We began public outreach by publishing a Notice of Intent in the Federal Register (73 FR 11137; February 29, 2008), announcing our intent to complete a CCP and EA and inviting public comments. In January 2008, we distributed Planning Update 1 to our mailing list and public outlets. On February 7 and 13, 2008, we held public scoping meetings in Salem and Corvallis, Oregon, respectively, to meet the public and identify issues for evaluation. The meetings were announced through local media outlets, on the refuges' Web site, and in Planning Update 1. In September 2008, we distributed Planning Update 2, which included a summary of the comments we received, a planning schedule, and a description of the CCP's scope. In September 2009, we distributed Planning Update 3; in it we summarized our preliminary draft alternatives, and invited public comments.
DCCP/EA Alternatives We Are Considering
We identified and evaluated three alternatives for managing the refuges, including a No Action Alternative (Alternative 1). Brief descriptions of the alternatives follow:
Alternative 1 (No Action)
Under Alternative 1, the refuges would continue to maintain cultivated grass fields under a cooperative farming program to provide forage for wintering Canada geese. Other goose management activities, such as managing wetland habitats and providing sanctuary, would continue. The refuges would also continue to manage and enhance native habitats but no further habitat restoration work would occur. Endangered species management would continue. Existing public uses would continue with the current facilities and programs in place. No new public use facilities would be developed. The current areas closed to public access would remain in effect to provide sanctuary during the wintering waterfowl season. The refuges would not pursue any additional land protection measures under the no change alternative.
Alternative 2 (Preferred Alternative)
Under Alternative 2, an emphasis on providing habitat for wintering geese would remain. Forage would continue to be provided primarily via cooperative farming. The refuges would pursue measures to help retain the services of cooperative farmers, such as providing enhanced irrigation capabilities; providing additional lure crops such as corn or other grains; the refuges taking over farming on certain high goose use fields; the Service offsetting a portion of the costs to cooperative farmers, etc. Wetland habitat management and restoration would also be intensified to improve habitat for geese and other wildlife.
Management and enhancement would continue in remnant native habitats and recently restored areas. In addition, approximately 479 additional acres on the three refuges would be restored to wetland, wet prairie, riparian, or upland prairie/oak savannah habitats over the next 15 years.
Threatened and endangered species management would continue to be a priority, guided by recovery plans where applicable. Existing populations of several threatened and endangered species would be strengthened, and several new populations would be established on the refuges.

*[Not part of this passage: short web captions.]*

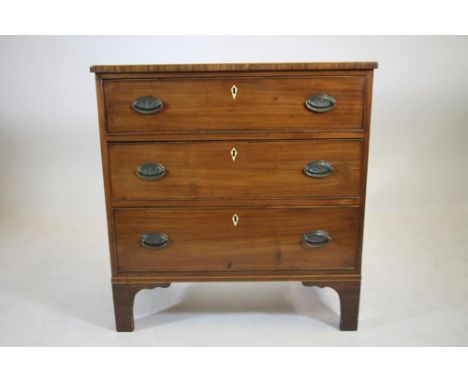 A GEORGIAN MAHOGANY CHEST, early 19th century, the banded and string inlaid top over three long drawers with oval brass drop 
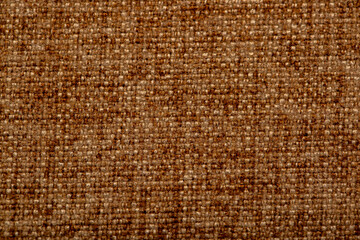Close-up fabric swatches as a background. The texture of the material with patterns of weaving close-up. Upholstery fabric for interior decoration.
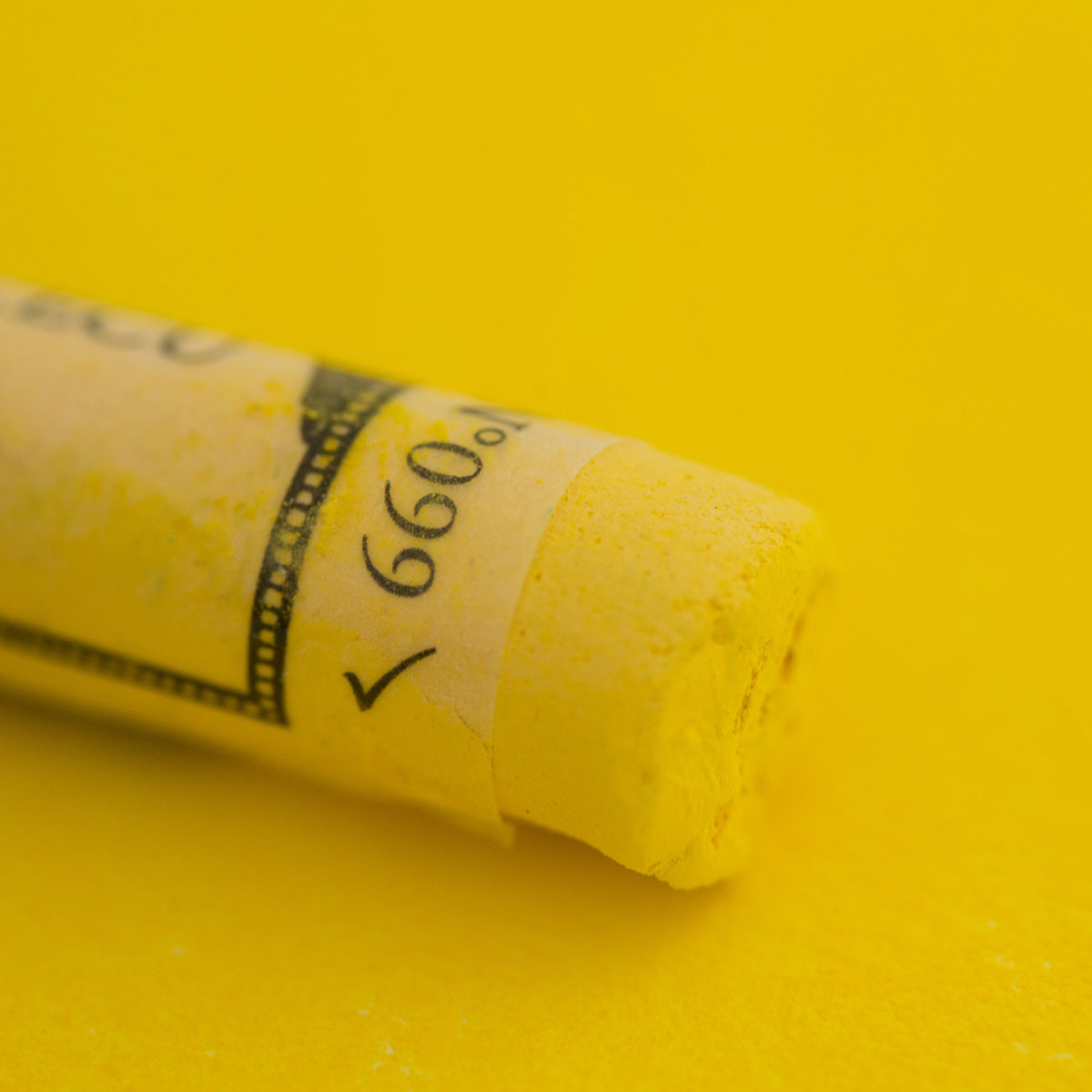 A close-up of a yellow Sennelier extra soft pastel. on the same coloured background, with the colour information printed on the paper wrap.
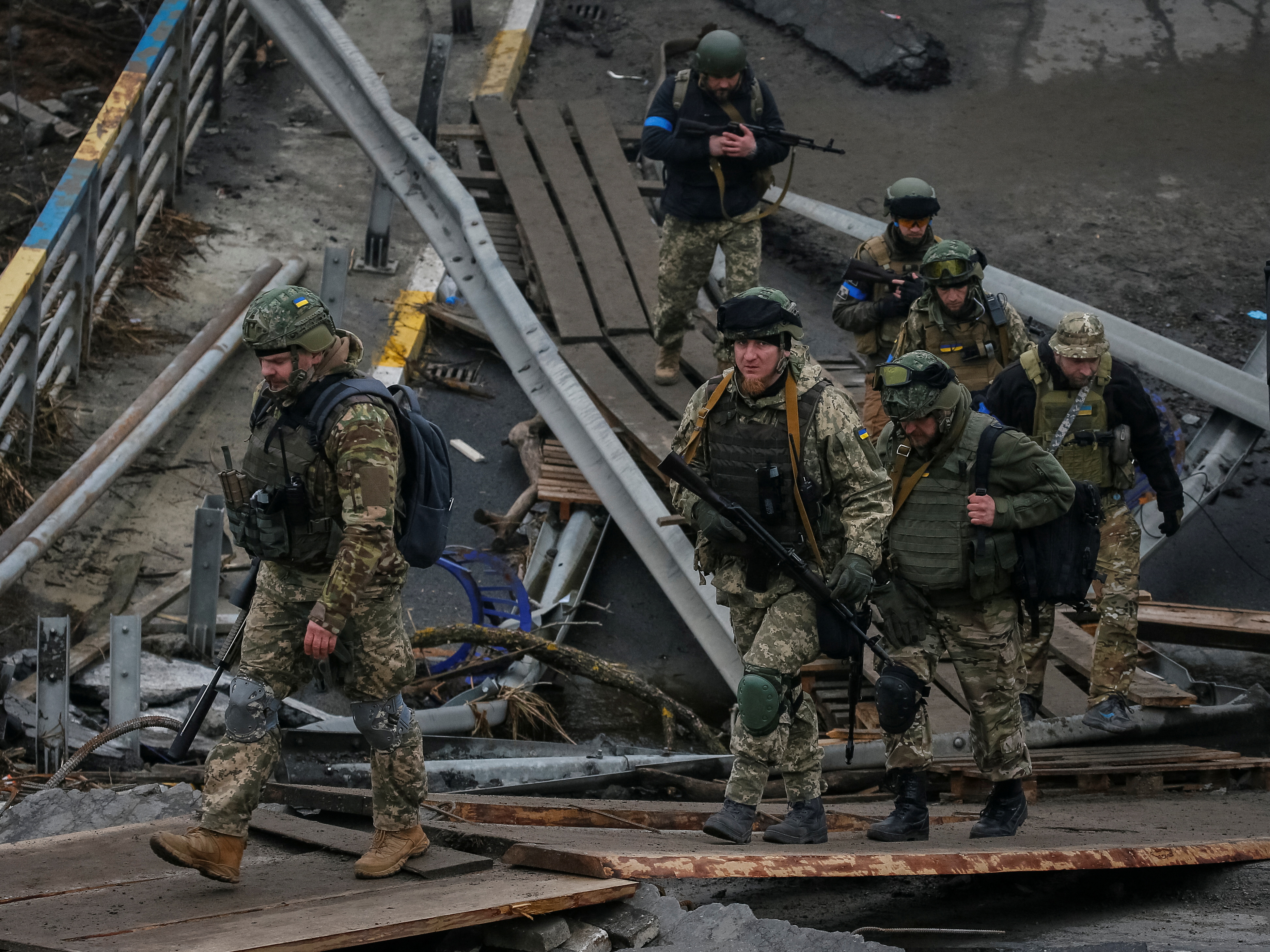 Ukrainian servicemen walk on a destroyed bridge in the town of Irpin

Wildlife observation and interpretation would continue to be emphasized as the cornerstone of the public use program. Several new trails and observation facilities would be added. Additional interpretive signs and materials, including on-line materials, would be developed. Major special events would occur at a frequency of about 3-4 per year, and monthly weekend interpretive programs would be developed.
Environmental education efforts would be expanded with an objective of reaching more students and schools, particularly at William L. Finley Refuge. Outdoor class shelters would be added. Funding would be sought to construct an Environmental Education Center, including indoor classroom facilities and a small exhibit area.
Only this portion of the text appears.